> **Raw data**:

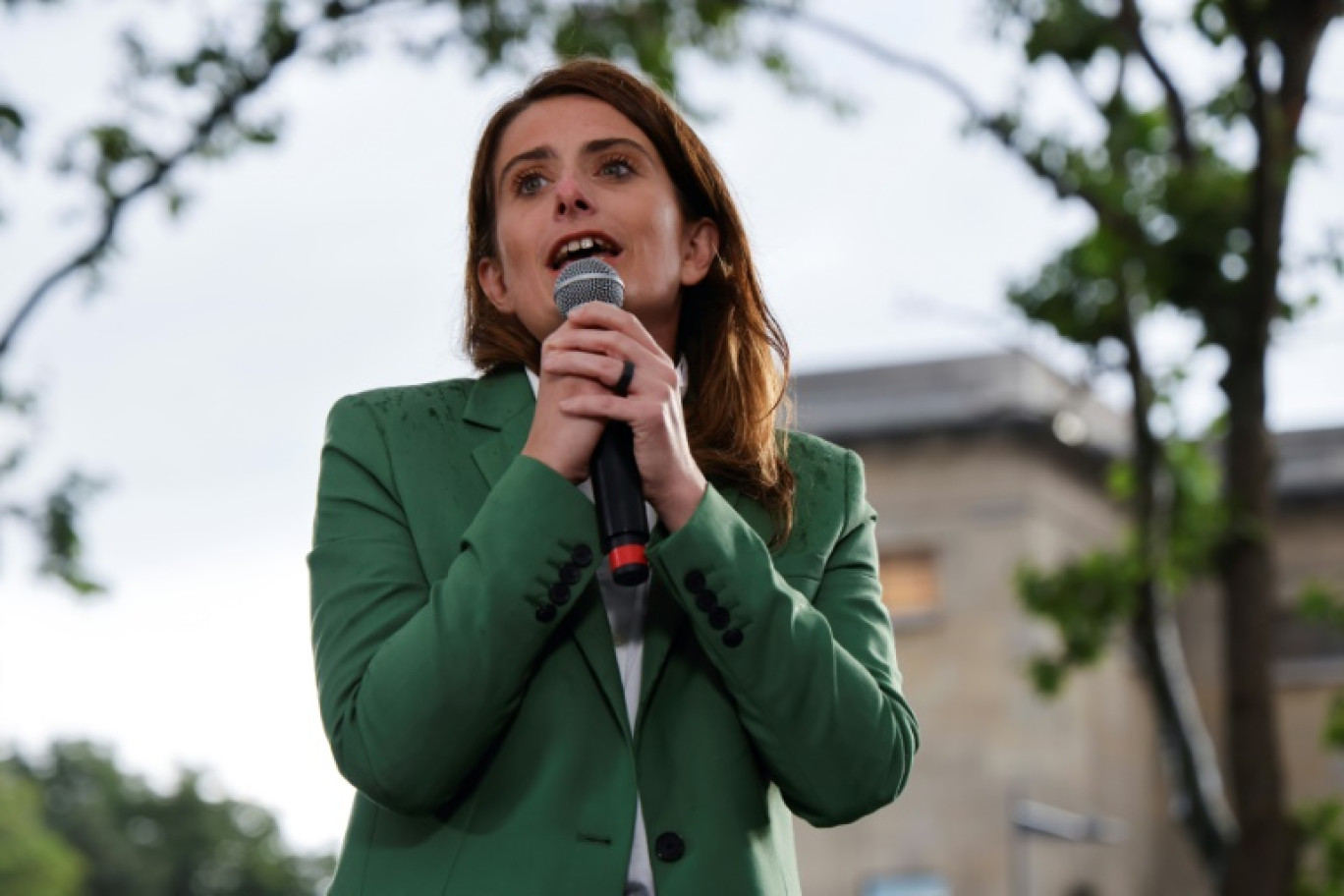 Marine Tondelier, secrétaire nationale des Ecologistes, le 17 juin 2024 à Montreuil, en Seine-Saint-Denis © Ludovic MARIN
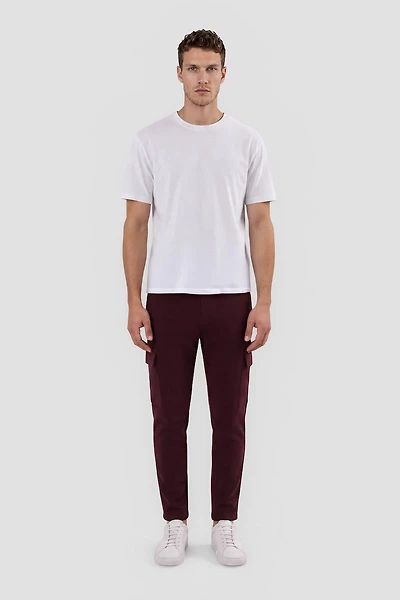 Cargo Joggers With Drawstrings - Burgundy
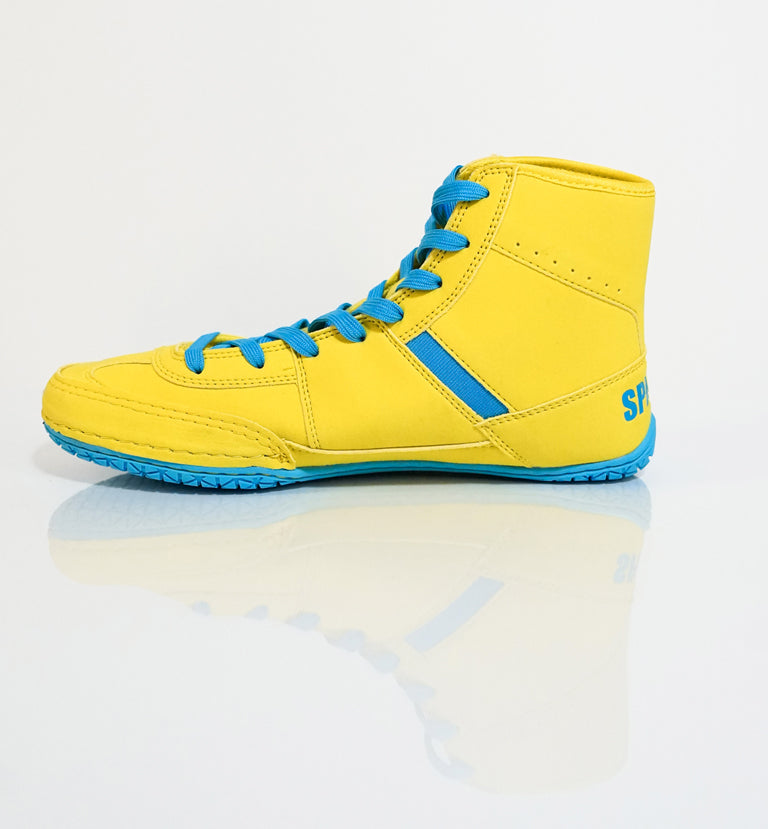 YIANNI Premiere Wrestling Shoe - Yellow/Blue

> **Problem to work on**:
All of the material should be reproduced exactly, apart from the pictures.

> **Response to this task**:
 Marine Tondelier, secrétaire nationale des Ecologistes, le 17 juin 2024 à Montreuil, en Seine-Saint-Denis © Ludovic MARIN
 Cargo Joggers With Drawstrings - Burgundy
 YIANNI Premiere Wrestling Shoe - Yellow/Blue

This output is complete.